You may believe you have the know-how to teach others because of your bloated sense of self and ideas that you’re the most knowledgeable in your business, but that doesn’t necessarily make you a good mentor. Your goal is not to impart knowledge, but to create someone just like you because you think you’re always right, and therefore this person should be like you.
Instead of teaching, you impose a certain pattern of behaviour that you follow and that they should, too. You can’t empathise with them and so you just urge them to do things the way you do them.
A narcissist can easily turn to manipulation, operating with less integrity, and more distrust in the long term. This will definitely negatively affect a business as the team will become unhappy, efficiency will drop, and staff turnover will quicken. You may also let go of people who challenge you, underscoring your need to be the most brilliant part of the business.

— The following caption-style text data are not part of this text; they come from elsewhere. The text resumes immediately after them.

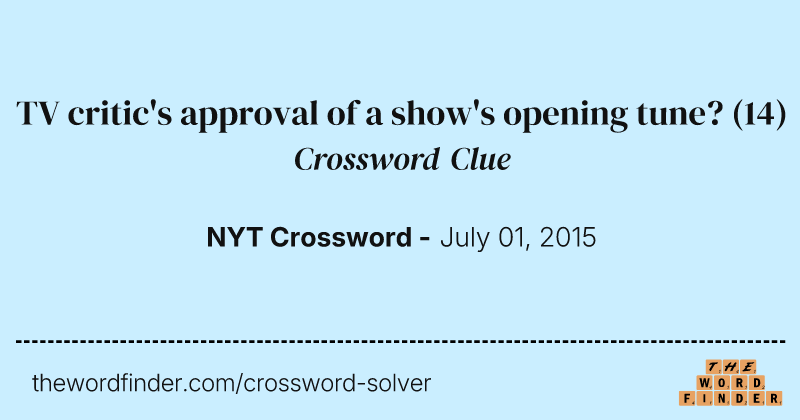 TV critic's approval of a show's opening tune? crossword clue image
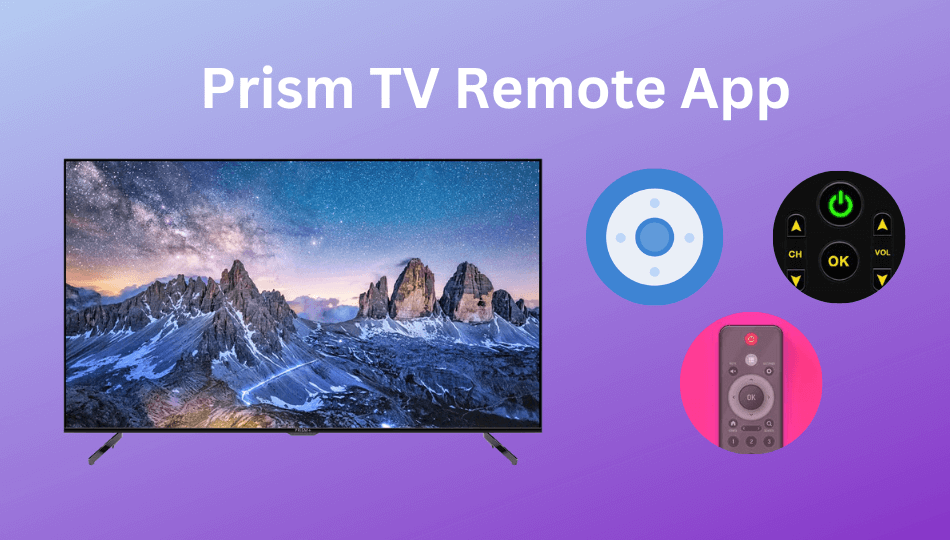 Prism TV Remtoe App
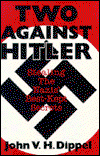 Two Against Hitler: Stealing the Nazis' Best-Kept Secrets - John Vh Dippel - Kirjat - Bloomsbury Publishing Plc - 9780275937454 - maanantai 10. helmikuuta 1992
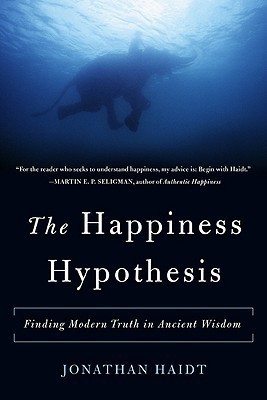 Jonathan Haidt: The Happiness Hypothesis (Basic Books)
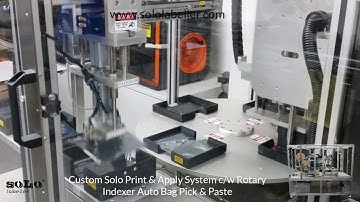 Print & Apply Labelling Machine | Rotary Indexer Auto Bag Pick & Paste | Solo Labeller Technology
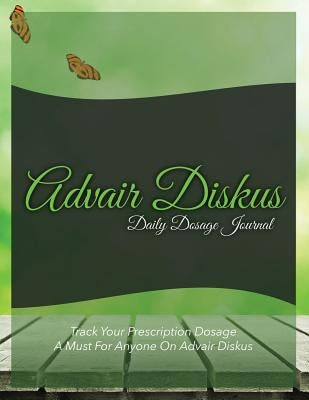 Advair Diskus Daily Dosage Journal: Track Your Prescription Dosage: A Must for Anyone on Advair Diskus by Speedy Publishing LLC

There are some exceptions to these rules like Steve Jobs, who was notorious for having narcissistic tendencies. He was often called ruthless in his work and didn’t always empathise with the people around him. But he turned it around and found a little bit of humility, proving it’s possible to change.
But others have brought their companies down because of their narcissistic tendencies. Take Marissa Mayers, for example, the former CEO of Yahoo. Because of her inflated sense of self and dismissiveness, she was inconsiderate with her team and lacked empathy, which impacted the company.
If you recognise your narcissism, you can now turn to your business and how it’s being affected. It may be a difficult process to overcome your tendencies, but once you can pinpoint them, you’ll be able to take action. Maybe your business is suffering in terms of team burnout or a lack of feedback you want to accept, you need to see this in order to change it.
As a business coach, I would advise you to turn to personal development, to look towards yourself and acknowledge your faults and weaknesses as a narcissist. Being a good leader is more important than being a narcissistic boss.
Consulting your team about your faults can also be a great way to gain insight into your behaviour and it opens up dialogue between you and your employees. Doing this is humbling as it shows you are open to admitting fault. Reassure them that it wasn’t all just in their heads and that you played a big role in making them think it was their fault.
Lastly, seeking psychological help is nothing to be ashamed of. Unlearning tendencies that you’ve grown with all your life can be taxing to do on your own. So enlisting the help of a professional can make all the difference.
Narcissists can be prevalent in business and you may be one yourself. But confronting yourself with these questions and understanding the signs that might indicate narcissism you can overcome it and become a better leader. It’s not impossible—and it’s vital for long-term success.